• Brief: When the line containing "Dogtraining101 Puppy/Small Dog" appears in the data below, begin copying there and stop only after the line containing "Antalya Kaleiçi'nde 3 katlı satılık mülk".

• The data:
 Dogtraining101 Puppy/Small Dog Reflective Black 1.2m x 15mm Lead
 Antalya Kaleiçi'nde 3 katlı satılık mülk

==

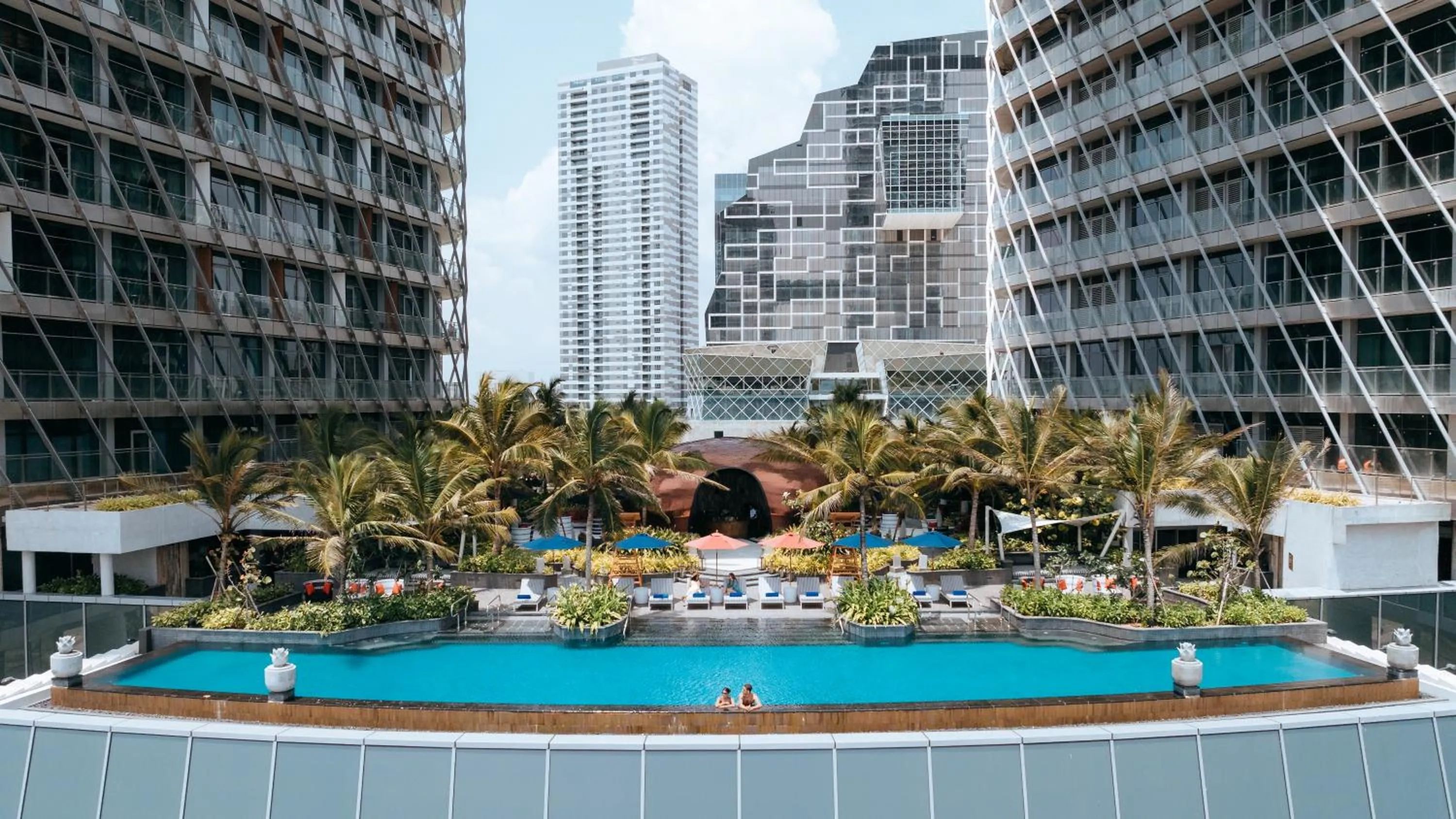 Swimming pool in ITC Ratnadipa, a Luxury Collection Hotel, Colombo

• Result for this exercise:
 Dogtraining101 Puppy/Small Dog Reflective Black 1.2m x 15mm Lead
 Antalya Kaleiçi'nde 3 katlı satılık mülk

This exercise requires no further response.